CPC: Representation Learning with Contrastive Predictive Coding

Notes on Representation Learning with Contrastive Predictive Coding (CPC) by Aaron van den Oord, Yazhe Li and Oriol Vinyals.

Paper: https://arxiv.org/pdf/1807.03748.pdf
Code (PyTorch): https://github.com/jefflai108/Contrastive-Predictive-Coding-PyTorch
Code contains CDCK2 base model but see also Implementation for details on variations (changing encoder or decoder) of the base model
Papers with Code: https://paperswithcode.com/method/contrastive-predictive-coding
A glossary is at the end in case you need it for the post

Summary

CPC is a new method that combines predicting future observations (predictive coding) with a probabilistic contrastive loss (Equation 4). This allows us to extract slow features, which maximize the mutual information of observations over long time horizons. Contrastive losses and predictive coding have individually been used in different ways before

Contrastive Predictive Coding (“CPC”) is a universal unsupervised approach for high-dimensional data that works by predicting the future (i.e. discrete future observations) in a latent space using autoregressive models. It uses a probabilistic contrastive loss based on Noise-Contrastive Estimation (NCE), called InfoNCE that induces the latent space to capture maximally useful information for prediction (forecasting). InfoNCE (like NCE) leverages negative sampling. CPC is a modality-agnosic framework that you can apply to speech, images, text, RL for 3D environments, and they do this in the paper. They target challenges around data efficiency, representation robustness and generalization across downstream tasks.

Method

compress high-dimensional data into compact latent embedding in which conditional predictions are easier to model
Use powerful autoregressive models (in latent space) to predict many (time) steps into the future
Use Noise-Contrastive Estimation (NCE) for loss function (like word embeddings) for end-to-end training
Apply resulting CPC model to images, speech, NLP, RL to show it works in multiple domains / modalities

Motivations / Intuitions

Learn representations that encode shared information between parts of the signal
Slow features more useful at long timespan (far out) predictions e.g. intonation, objects, story line
Information in input $x$ e.g. an image may be e.g. thousands of bits, whereas class labels could be e.g. 10 bits (1,024 classes) so modelling $o(x \vert c)$ may be suboptimal for extracting shared information
Instead authors encode target $x$ (future) and context $c$ (present) into compact distributed vector representations to maximally preserve mutual information of the original signals $x$ and $c$ as:

\[I(x ; c)=\sum_{x, c} p(x, c) \log \frac{p(x \mid c)}{p(x)}\]

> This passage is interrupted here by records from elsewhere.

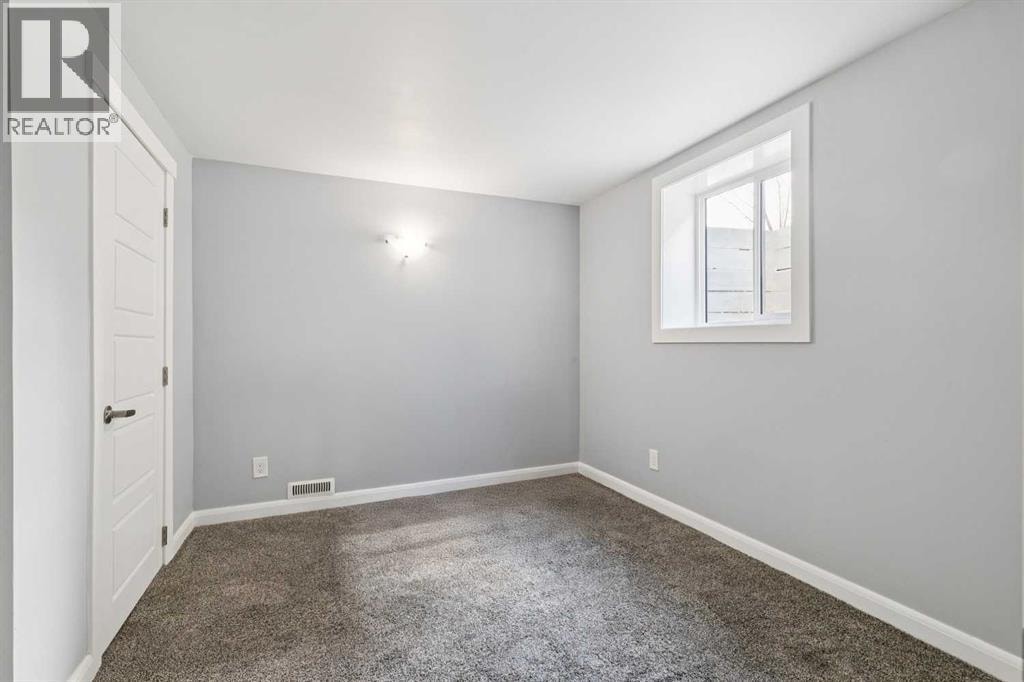 40 Henefer Road SW — photo 23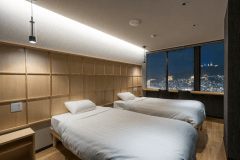 モダン洋室（夜景）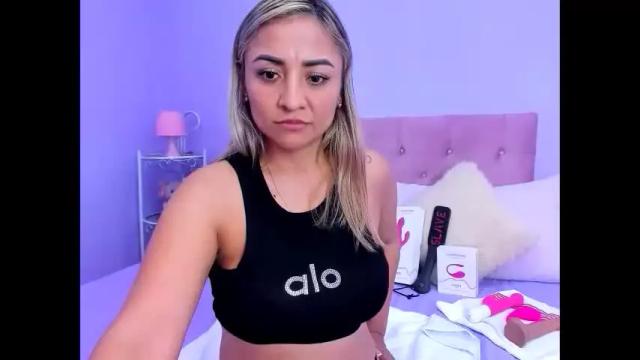 Image 4 of milf_bigass_ Stream on Chaturbate on 1 month ago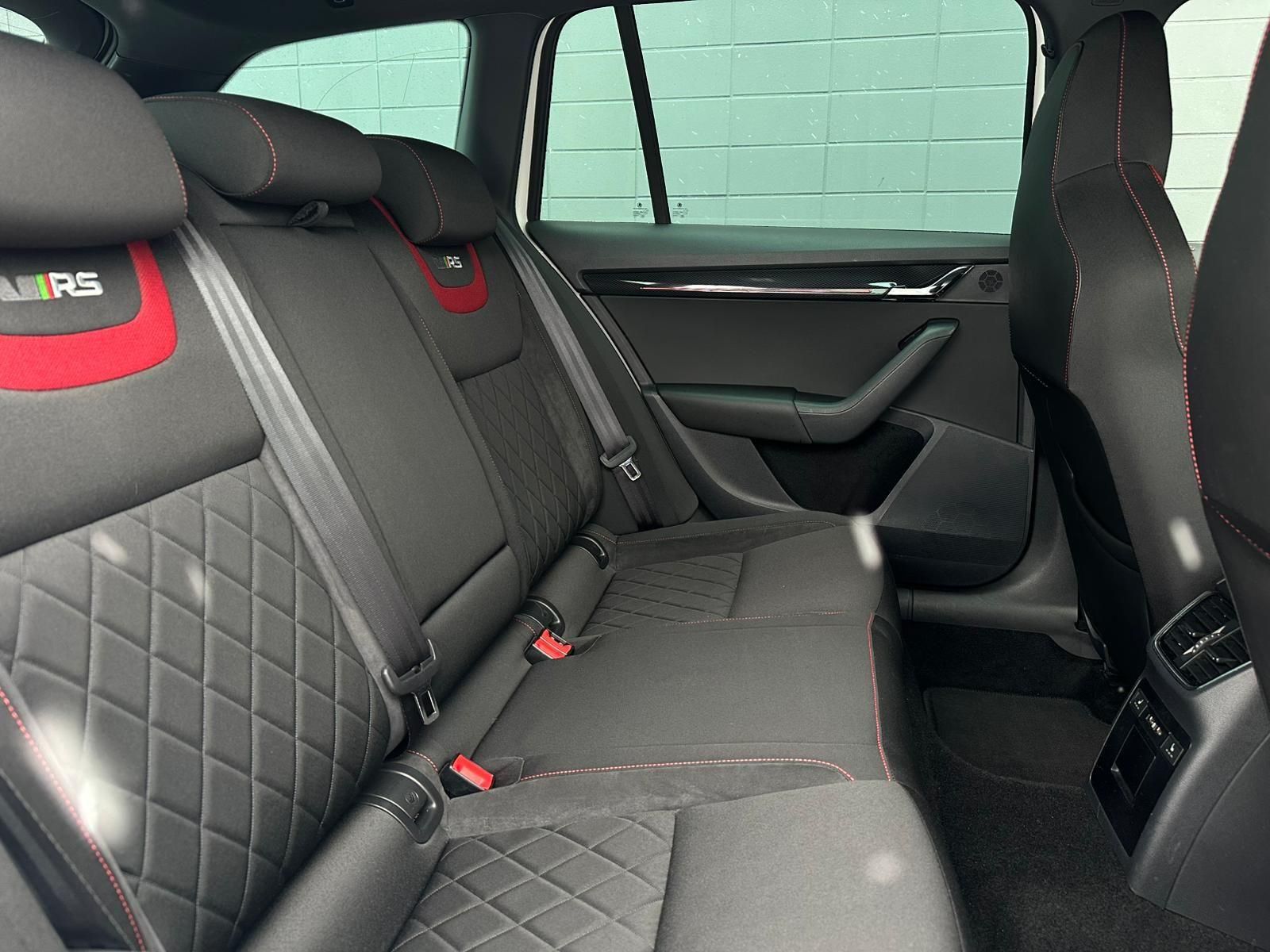 SKODA Octavia 2.0TDI RS* LED#4xSHZ#AHK#TEMPO#NAVI#PDC - Image 16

By maximising the mutual information (MI) between encoded representations (bounded by the MI between input signals) they extract the underlying latent variables that the inputs have in common.

Contrastive Predictive Coding Algorithm / Method

Encoder net, $g_\text{enc}$, maps input sequence $x_t$ to sequence of latent representations, $z_t = g_\text{enc}(x_t)$ also possibly with lower temporal resolution
Autoregressive model, $g_\text{ar}$ summarises $z_{\leq t}$ (latent reps sequence) producing single vector representation, $c_t = g_\text{ar}(z_{\leq t})$ (also in latent space)

They don’t predict with a generative model, $p_k(x_{t+k} \vert c_t)$.

They model a density ratio preserving the mutual information between the AR-generated latent representation, $c_t$ and the future observations, $x_{t+k}$

\[f_{k}\left(x_{t+k}, c_{t}\right) \propto \frac{p\left(x_{t+k} \mid c_{t}\right)}{p\left(x_{t+k}\right)}\]

NB the density ratio, $f$, can be unnormalized, i.e. does not have to integrate to 1.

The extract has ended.